Atış serbest. Vaatler bol, ne güzel değil mi. Açın kesenin ağzını dağıtın durmadan. Ama savurmadan. Kimden alıp kime vereceğinizin hesabını iyi tutun. Gerçi fark etmez. Adamakla mal tükenmez derler. Sen üç kilo mu verdin benden beş kilo. Tartı yok terazi yok. Yok ki bunun ölçüsü. Vatandaş alacağına bakıyor. Vereceğini dünden unuttu. Yarınlar umut mu dolu acaba. Yoksa tiyatromu. Ali yazar Veli bozar, küp suyunu çeker azar azar.
Evet değerli dostlar. Meydanlar geniş, atış serbest. Atmak iyi de bide eğirmek var derler. Yarın işin başına gelince bahaneler hazır mı dersiniz. Yıllardır oynanan oyunun biraz daha abartılışı gibi geliyor bana. Hep diyorum seçime giderken verilen sözler bir defa tutulsaydı bu gün bu halde olmazdık. Hiç mi bir şeyler yapılmıyor derseniz tabii ki yapılıyor. Birileri iğ yapmayı düşünürken birileri de kendi değirmenine sutaşıma telaşında. Doymayan bir nefis, aldırmayan bir aymazlık, hissetmeyen bir kalp, haram helal ver Allah ım, asi kulun yer Allah ım. Bu yiyiciler iktidarların peşini hiç bırakmazlar. Kim iktidar olursa olsun onlar yolunu bulsun. Böylece devam edip gidiyor. Gözünüze dizinize dursun. Haksız kazançlarınızın peşinden savrulun gidinde bu mazlum ve masum millet kurtulsun. Kurtulsun da bir hayat bulsun.
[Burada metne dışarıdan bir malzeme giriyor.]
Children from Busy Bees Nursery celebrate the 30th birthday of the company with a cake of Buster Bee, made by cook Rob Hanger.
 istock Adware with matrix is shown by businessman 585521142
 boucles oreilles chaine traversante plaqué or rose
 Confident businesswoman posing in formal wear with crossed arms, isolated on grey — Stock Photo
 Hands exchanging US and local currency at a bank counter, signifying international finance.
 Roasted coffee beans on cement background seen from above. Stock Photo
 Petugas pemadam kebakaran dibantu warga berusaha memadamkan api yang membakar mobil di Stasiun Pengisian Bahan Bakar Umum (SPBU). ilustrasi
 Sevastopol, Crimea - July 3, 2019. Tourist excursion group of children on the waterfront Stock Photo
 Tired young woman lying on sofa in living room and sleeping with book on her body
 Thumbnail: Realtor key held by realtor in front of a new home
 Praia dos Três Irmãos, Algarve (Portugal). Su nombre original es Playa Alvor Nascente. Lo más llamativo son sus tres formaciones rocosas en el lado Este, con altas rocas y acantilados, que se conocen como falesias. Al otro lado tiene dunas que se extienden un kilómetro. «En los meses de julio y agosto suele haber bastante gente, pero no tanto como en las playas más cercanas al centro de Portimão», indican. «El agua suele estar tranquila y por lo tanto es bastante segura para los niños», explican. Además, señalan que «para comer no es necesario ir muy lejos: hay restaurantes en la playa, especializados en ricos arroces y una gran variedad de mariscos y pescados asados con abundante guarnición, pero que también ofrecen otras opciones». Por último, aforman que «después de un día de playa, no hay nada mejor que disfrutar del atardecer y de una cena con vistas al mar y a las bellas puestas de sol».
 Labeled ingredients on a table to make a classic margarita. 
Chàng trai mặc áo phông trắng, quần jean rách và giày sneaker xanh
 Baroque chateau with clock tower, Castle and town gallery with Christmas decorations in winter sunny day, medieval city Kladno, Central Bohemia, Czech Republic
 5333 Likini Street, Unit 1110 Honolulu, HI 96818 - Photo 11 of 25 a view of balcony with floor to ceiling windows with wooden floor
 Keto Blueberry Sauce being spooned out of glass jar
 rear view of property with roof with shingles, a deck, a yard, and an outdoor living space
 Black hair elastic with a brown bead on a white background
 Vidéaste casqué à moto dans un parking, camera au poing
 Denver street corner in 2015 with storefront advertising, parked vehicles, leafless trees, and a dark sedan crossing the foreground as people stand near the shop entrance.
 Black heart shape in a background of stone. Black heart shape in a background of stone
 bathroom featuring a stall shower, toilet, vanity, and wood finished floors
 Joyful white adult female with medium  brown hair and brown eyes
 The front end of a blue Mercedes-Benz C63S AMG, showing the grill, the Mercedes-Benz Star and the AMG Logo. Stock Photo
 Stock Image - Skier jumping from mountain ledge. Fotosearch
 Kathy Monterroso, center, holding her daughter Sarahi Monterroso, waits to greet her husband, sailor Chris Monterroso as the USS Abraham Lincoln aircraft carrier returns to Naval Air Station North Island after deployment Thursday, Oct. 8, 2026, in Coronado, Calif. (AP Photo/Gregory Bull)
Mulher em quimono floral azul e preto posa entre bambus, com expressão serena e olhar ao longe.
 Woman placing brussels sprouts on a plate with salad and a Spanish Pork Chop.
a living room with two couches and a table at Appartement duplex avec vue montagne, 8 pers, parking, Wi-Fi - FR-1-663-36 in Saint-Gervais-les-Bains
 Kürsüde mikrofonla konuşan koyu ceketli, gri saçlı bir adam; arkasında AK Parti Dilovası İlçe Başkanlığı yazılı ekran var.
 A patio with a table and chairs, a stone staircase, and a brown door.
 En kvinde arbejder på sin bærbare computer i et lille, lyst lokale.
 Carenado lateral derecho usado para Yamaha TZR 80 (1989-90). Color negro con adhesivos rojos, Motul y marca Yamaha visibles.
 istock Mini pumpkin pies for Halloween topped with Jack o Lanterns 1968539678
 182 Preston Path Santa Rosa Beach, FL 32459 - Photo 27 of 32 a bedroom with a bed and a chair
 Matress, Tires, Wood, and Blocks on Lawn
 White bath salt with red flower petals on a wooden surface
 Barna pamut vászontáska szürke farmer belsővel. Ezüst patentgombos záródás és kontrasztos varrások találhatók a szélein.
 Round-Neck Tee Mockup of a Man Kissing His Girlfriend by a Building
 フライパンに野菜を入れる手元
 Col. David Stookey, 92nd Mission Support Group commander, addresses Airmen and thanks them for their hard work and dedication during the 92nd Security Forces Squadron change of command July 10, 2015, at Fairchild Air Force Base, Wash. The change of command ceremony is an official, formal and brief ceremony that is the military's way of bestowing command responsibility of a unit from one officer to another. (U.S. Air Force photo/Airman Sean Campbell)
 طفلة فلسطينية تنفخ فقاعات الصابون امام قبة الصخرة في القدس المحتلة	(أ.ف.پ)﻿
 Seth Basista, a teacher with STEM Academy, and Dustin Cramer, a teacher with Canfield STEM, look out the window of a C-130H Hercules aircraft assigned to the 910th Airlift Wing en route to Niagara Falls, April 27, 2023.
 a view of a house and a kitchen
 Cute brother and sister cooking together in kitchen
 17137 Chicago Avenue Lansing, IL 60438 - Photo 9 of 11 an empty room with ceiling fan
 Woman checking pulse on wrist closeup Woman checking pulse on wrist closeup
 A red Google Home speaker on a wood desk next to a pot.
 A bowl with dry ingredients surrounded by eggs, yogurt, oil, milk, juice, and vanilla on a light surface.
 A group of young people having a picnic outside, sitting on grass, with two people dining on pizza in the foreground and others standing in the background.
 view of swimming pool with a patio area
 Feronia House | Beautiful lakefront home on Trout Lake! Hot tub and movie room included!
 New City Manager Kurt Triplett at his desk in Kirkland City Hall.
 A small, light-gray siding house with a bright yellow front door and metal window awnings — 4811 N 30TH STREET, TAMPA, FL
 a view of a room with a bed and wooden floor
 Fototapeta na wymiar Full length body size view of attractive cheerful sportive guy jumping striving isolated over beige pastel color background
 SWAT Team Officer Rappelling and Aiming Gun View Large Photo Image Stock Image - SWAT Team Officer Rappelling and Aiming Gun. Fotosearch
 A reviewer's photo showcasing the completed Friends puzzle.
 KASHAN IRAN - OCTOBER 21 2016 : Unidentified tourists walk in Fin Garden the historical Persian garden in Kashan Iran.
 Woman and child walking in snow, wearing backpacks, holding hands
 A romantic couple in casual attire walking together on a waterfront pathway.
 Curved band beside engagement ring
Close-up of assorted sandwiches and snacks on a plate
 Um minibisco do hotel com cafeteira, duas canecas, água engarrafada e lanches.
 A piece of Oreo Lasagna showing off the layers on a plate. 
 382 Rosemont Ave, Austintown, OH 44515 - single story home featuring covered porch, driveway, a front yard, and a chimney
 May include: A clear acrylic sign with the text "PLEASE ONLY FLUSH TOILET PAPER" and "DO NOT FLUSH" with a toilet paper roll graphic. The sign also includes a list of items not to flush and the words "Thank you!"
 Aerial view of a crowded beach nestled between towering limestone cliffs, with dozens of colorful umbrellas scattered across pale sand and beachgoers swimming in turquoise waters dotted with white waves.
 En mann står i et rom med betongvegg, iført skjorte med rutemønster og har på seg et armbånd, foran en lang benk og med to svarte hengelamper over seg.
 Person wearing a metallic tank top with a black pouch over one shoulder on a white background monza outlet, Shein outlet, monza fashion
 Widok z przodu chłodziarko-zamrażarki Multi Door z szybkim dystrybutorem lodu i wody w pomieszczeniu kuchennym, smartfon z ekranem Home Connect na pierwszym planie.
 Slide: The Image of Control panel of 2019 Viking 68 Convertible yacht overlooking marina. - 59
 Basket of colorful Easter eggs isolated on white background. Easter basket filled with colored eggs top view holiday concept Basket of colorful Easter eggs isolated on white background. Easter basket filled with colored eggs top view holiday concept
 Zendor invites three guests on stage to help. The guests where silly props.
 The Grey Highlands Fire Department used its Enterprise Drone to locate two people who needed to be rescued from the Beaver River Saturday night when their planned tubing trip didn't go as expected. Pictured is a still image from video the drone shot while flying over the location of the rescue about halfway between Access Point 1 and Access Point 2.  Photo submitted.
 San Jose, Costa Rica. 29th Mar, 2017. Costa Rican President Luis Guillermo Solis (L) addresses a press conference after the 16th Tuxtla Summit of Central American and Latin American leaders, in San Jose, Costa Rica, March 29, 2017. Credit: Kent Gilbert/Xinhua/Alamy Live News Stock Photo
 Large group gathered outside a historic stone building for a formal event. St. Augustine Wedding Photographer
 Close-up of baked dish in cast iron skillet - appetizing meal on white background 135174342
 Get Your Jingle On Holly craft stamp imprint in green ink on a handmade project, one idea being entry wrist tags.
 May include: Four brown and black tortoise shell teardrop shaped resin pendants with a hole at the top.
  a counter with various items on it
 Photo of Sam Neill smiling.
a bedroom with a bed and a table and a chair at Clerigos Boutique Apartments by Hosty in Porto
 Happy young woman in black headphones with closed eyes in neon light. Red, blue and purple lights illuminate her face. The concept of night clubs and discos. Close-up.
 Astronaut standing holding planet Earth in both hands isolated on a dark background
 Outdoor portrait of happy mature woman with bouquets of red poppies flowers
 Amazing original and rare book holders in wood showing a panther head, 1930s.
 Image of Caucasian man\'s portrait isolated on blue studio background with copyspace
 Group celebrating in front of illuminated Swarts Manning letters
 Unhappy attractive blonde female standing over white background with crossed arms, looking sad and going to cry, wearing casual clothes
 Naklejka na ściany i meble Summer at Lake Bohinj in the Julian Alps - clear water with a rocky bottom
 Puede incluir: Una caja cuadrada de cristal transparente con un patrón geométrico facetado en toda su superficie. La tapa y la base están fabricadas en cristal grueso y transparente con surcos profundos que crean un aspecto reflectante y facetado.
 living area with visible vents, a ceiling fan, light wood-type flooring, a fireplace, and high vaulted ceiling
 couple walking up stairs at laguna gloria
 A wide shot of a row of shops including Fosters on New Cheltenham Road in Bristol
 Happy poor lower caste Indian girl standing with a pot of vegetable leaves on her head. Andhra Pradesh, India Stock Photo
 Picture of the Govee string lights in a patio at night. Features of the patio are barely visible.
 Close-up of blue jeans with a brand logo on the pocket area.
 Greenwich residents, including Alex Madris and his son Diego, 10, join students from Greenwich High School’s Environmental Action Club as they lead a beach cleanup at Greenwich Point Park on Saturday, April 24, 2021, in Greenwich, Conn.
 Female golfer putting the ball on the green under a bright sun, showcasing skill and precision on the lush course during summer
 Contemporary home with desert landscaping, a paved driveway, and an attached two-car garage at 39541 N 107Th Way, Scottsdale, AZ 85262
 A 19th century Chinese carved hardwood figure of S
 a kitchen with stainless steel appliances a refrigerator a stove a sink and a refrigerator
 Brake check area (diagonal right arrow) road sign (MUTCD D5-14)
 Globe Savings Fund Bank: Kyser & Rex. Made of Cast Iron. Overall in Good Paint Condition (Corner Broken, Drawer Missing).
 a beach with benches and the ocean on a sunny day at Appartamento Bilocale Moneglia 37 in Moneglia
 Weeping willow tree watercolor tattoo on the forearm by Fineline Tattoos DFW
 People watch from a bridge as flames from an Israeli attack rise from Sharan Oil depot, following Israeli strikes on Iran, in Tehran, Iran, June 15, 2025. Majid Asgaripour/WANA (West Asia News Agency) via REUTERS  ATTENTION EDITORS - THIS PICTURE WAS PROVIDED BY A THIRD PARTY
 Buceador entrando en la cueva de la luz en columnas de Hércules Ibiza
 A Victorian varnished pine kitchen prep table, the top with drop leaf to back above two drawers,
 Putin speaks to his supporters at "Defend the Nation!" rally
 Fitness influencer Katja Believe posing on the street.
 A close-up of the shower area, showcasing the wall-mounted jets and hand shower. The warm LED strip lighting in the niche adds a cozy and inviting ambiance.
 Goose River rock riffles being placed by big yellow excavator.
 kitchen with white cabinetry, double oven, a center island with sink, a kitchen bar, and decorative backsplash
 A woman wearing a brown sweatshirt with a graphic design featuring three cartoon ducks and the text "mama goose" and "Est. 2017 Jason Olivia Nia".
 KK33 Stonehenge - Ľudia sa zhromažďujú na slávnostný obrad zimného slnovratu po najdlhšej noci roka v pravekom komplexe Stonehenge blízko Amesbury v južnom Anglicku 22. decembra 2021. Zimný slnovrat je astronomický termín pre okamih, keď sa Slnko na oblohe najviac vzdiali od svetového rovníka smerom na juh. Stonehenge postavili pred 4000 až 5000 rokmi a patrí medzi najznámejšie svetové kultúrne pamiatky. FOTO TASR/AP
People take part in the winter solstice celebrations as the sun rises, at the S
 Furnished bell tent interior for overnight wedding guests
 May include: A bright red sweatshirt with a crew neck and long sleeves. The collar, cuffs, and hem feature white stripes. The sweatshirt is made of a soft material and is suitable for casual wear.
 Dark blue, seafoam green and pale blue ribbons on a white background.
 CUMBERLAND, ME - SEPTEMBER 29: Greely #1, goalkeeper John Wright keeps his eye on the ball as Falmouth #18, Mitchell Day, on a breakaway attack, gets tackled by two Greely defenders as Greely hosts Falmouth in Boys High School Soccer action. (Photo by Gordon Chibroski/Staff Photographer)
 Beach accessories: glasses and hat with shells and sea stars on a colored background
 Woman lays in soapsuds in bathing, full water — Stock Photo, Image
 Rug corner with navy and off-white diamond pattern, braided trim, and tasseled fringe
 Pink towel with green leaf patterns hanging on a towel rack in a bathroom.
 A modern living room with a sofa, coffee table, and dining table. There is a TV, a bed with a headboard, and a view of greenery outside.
Evet değerli dostlar; böyle gelmiş ama artık böyle gitmemeli. Sorgulamamız lazım. Sorgulamayı ne zaman öğrenirsek, Kurtulmayı da o zaman hak ederiz. Aksi halde sülale boyu bu sömürü sisteminden ancak seçimden seçime birazcık yararlanabiliriz. Ben şahsen bu güne kadar söz verilip te tamamının yapıldığını hiç görmedim. Göreceğimi de zannetmiyorum. Gençler umut içinde ve gelecek çok güzel olacak zannedebilirler. Dedene sor babana sor, alacağın cevapları değerlendir. Sen onların durumuna düşmeden sor ve sorgula. Sorgularsan ya da sorgularsanız meydanlarda verilen sözleri yerine getirmek zorunda kalırlar. Aksi halde akıbet aynı olacaktır.
Sonuç, meydanlar geniş, atış serbest.